Hi @yugo-n, what if we provide an explicit pgivm.drop_immv function, and use a DDL trigger to prevent users from calling DROP TABLE immv? I believe that way we can avoid the requirement for shared/session_preload_libraries.

[yugo-n]

What about other callback functions registered by RegisterXactCallback etc. in Pg_init ?

[adamguo0]

The PG_init function is called once Postgres calls the IMMV trigger functions. I did a quick test where pg_ivm is not preloaded, and the xact/subxact callbacks are still triggered. So currently I think only the object access hook requires SPL (though there may be further requirements in the future).

[michaelpq]

I have been looking at the patch series posted here, at the request of Adam, and I have to say that the "warnings" branch posted is an incremental mess, TBH. The patch is not organized, and the tests are IMO bloated.

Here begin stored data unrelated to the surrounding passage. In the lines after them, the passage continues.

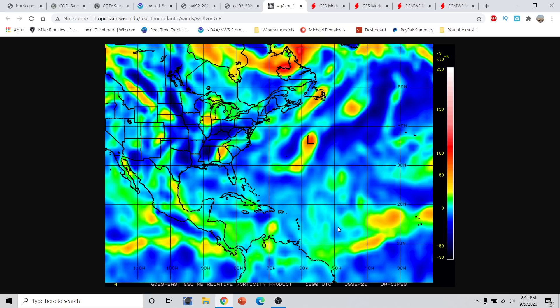This is the 850 millibar vorticity product — the spin in the atmosphere at about 5,000 feet off the ground. The reds and whites indicate higher cyclonic spin at the 5,000-foot level. With Invest Area 92L we do have a pretty well-organized system right now, trying to bundle energy in the atmosphere at about 5,000 feet. This is the remnant circulation of 91L — that circulation has been stretched out and is now tangling with 92L before it separates. This curious area to the west of the Lesser Antilles, south and east of Cuba, is something we're going to have to watch, though not expecting significant development at this time.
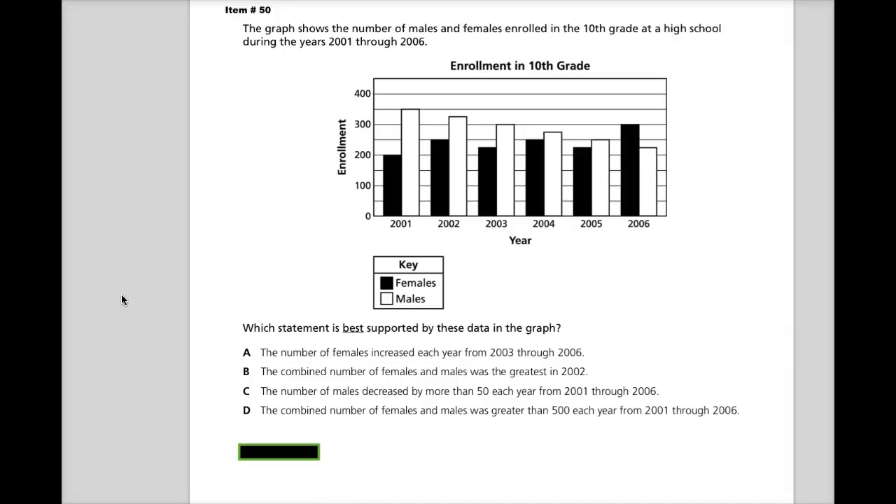This is item number 50 for the released spring 2014 course test for Algebra 1 in Tennessee. The question says the graph shows the number of males and females enrolled in the 10th grade at a high school during the years 2001 through 2006.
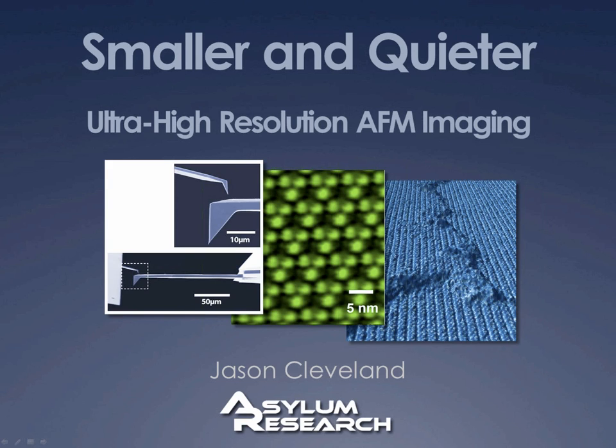Several improvements have appeared on Asylum instruments in the last couple years. One of these improvements, namely the ultra-small cantilevers, is something that's been around in the R&D community for several years. In fact, several of us at Asylum worked on these small cantilevers as graduate students at UCSB. The other improvements are more instrumental — things done here at Asylum — but together they give us higher resolution than we've ever seen in ambient AFM in air and in liquid.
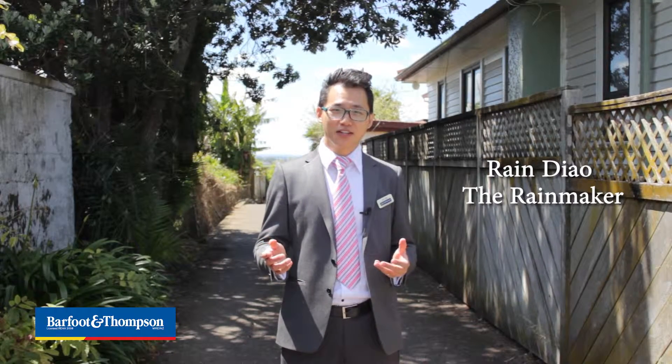Hello, welcome. My name is Rain and your Rainmaker in the Auckland Real Estate Market. I'm very, very excited here today because I'm about to unveil one of the best kept secrets in the high ground of Remuera.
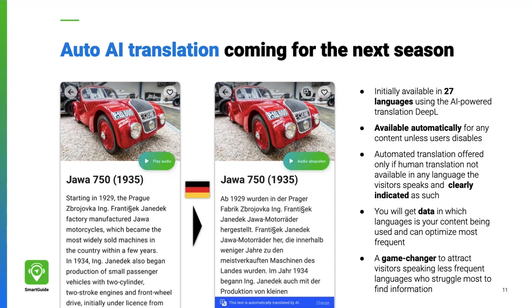Visitors will receive that machine translation including audio in their preferred language. This can be a game changer in catering to audiences who find it more difficult to find information when traveling.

And nothing proposed in the patch set is actually doing something about the fact that the restriction about session_preload_libraries and shared_preload_libraries should be enforced when a backend starts. For example, taking a diff with a rebased "warnings" branch and branch "main" at 96fdf6f:

$ git diff main --stat
 .gitignore                             | 28 +++++++++++++++++++++++++---
 Makefile                               |  2 +-
 expected/pg_ivm.out                    |  8 ++++++++
 expected/preload_libraries_warning.out | 51 +++++++++++++++++++++++++++++++++++++++++++++++++++
 pg_ivm--1.10.sql                       | 21 +++++++++++++++++++++
 pg_ivm--1.9--1.10.sql                  | 21 +++++++++++++++++++++
 sql/pg_ivm.sql                         |  4 ++++
 sql/preload_libraries_warning.sql      | 28 ++++++++++++++++++++++++++++
 8 files changed, 159 insertions(+), 4 deletions(-)

The only restriction you have put in place results in a weird state, where one would only detect the problem when running in CREATE EXTENSION. This does not take care of the problem where the extension is created, and the server is restarted. The moral of the story is that you have to include a restriction of some kind in _PG_init(), which is the path that backends take, or you will never be able to make the drops safe as the library needs to be loaded.

Side note 1: there is no need for pg_ivm--1.10.sql, only the upgrade scripts are OK so that's one duplication less.
Side note 2: I'd suggest to just force a rule based on shared_preload_libraries, that's going to keep the code much simpler. This would still break your dependencies, but that removes from the equation the fact that session_preload_libraries can be manipulated by superusers as it is a SUSET parameter.

So, Nagata-san, I'd suggest to make things depend on shared_preload_libraries with a simple check in _PG_init(), like pgaudit, and call it a day. I don't see an express need for tests.